Exercise requirements: Below are the records; copy exactly the lines from the first through the one containing "Liu Jo Cropped", both included, and leave out the pictures.

-- Excerpted records follows --

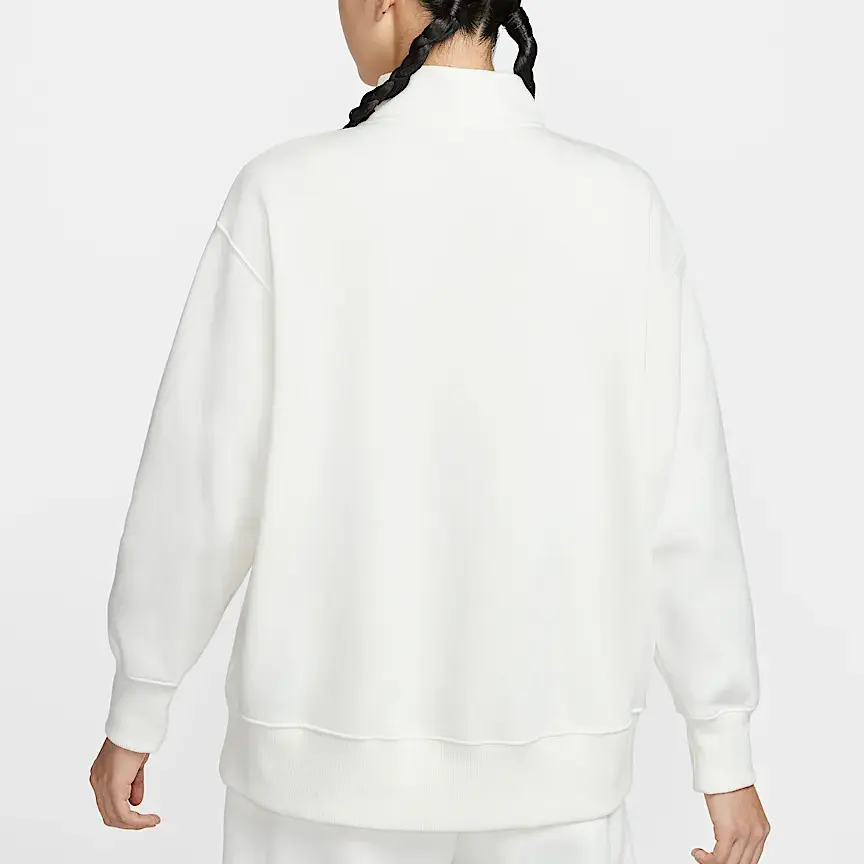 Женская толстовка Sportswear Phoenix Fleece Oversized с застежкой-молнией на четверть длины Nike, canvas белый/черный — фото 4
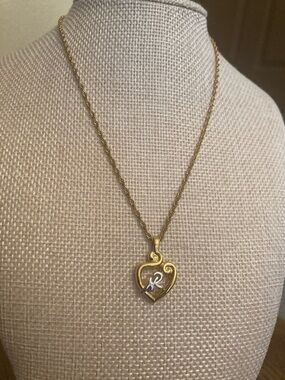 Nina Ricci Scroll Heart Necklace Vintage Rare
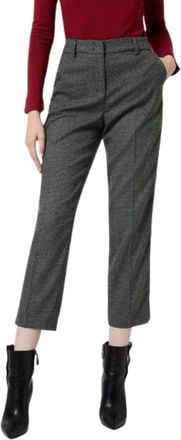 Liu Jo Cropped Houndstooth Broek - Dames - Chinos - Grijs - S - Polyester - Broeken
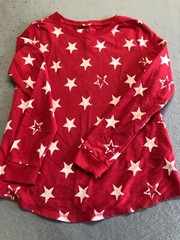 Sonoma Sweatshirt Womens Small Red Lightweight Terry July 4th Stars Print Crew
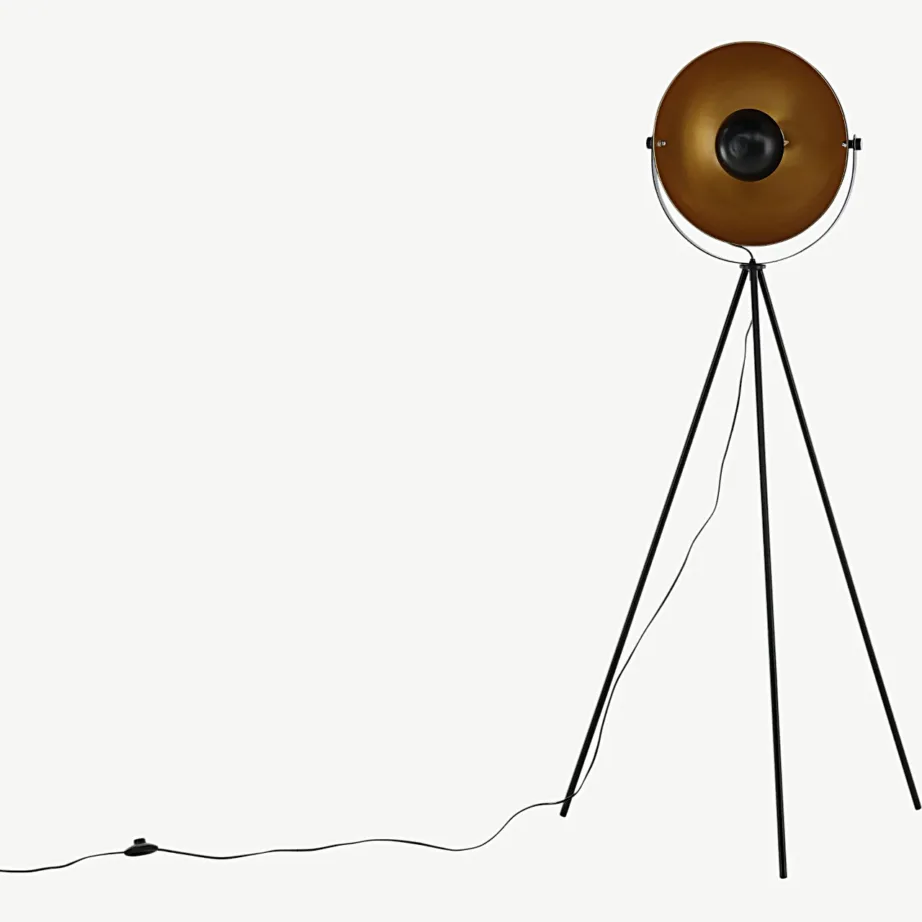 Kolmjalgne must-kuldne põrandalamp Search, 159 cm (teras), 15646-338 – 2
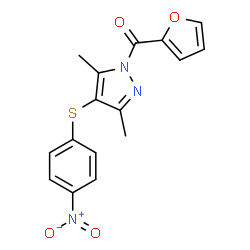 ChemSpider 2D Image | [3,5-Dimethyl-4-(4-nitro-phenylsulfanyl)-pyrazol-1-yl]-furan-2-yl-methanone | C16H13N3O4S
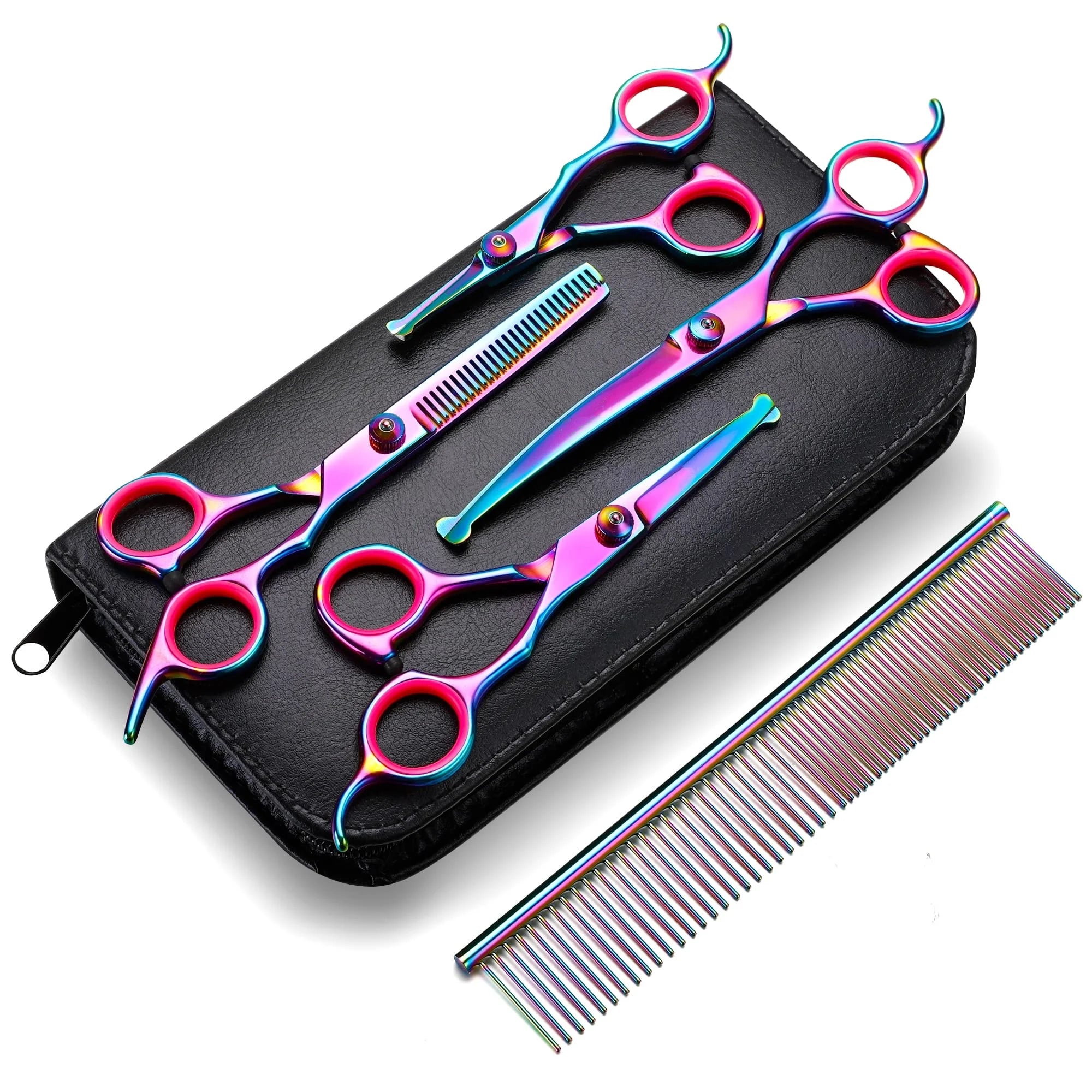 Hot Sale 7 Inch Foldable Stainless Steel Pet Grooming Scissors Set 5 Piece Colourful Scissors for pet grooming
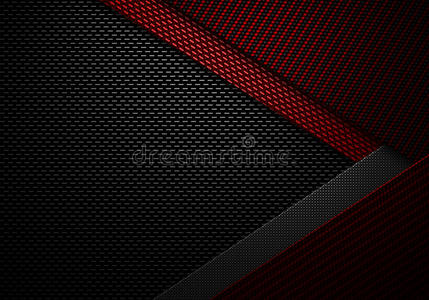 抽象红色黑色碳纤维纹理材料设计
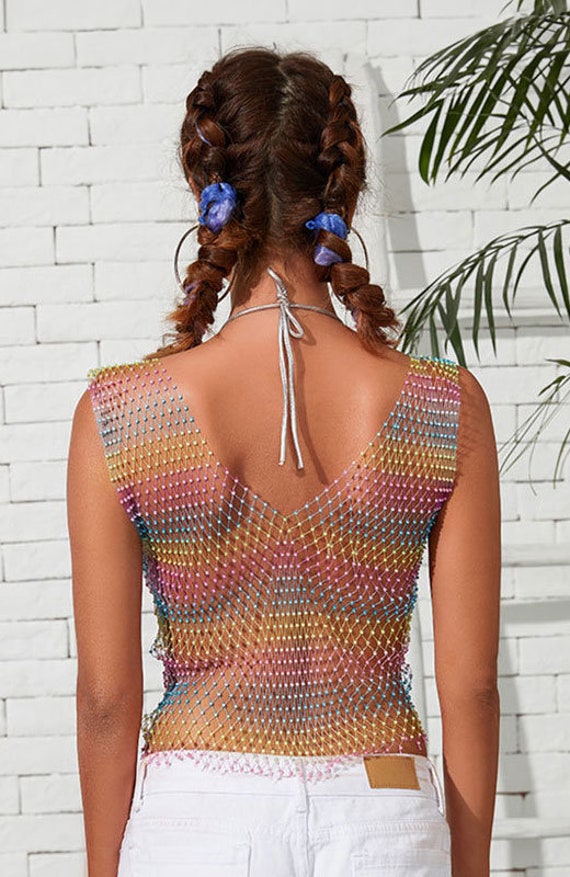fishnet diamond top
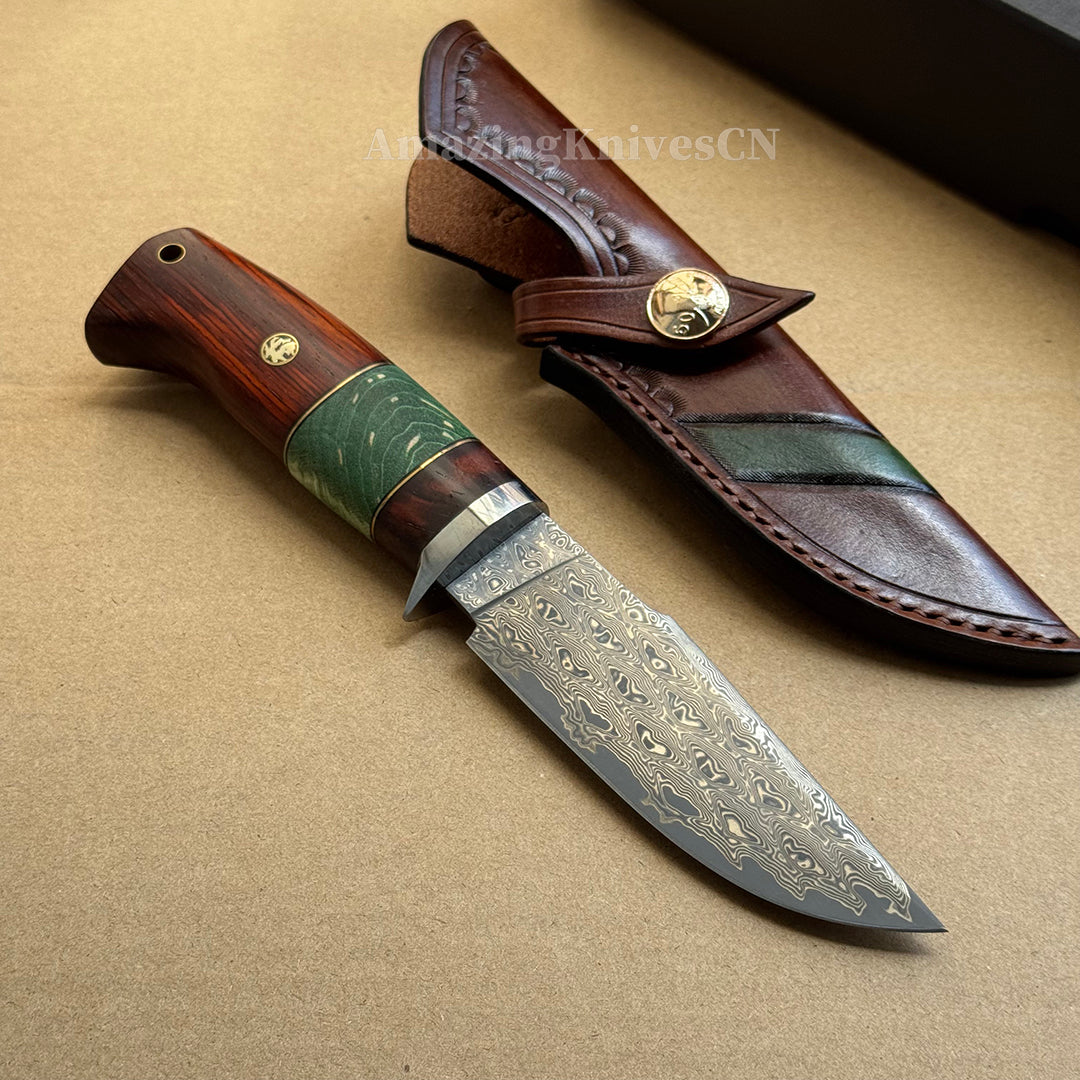 67-Layer Hand-Forged VG10 Damascus Bowie Knife  - AK-HT1053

-- Excerpted records concluded --

Task solution:
 Женская толстовка Sportswear Phoenix Fleece Oversized с застежкой-молнией на четверть длины Nike, canvas белый/черный — фото 4
 Nina Ricci Scroll Heart Necklace Vintage Rare
 Liu Jo Cropped Houndstooth Broek - Dames - Chinos - Grijs - S - Polyester - Broeken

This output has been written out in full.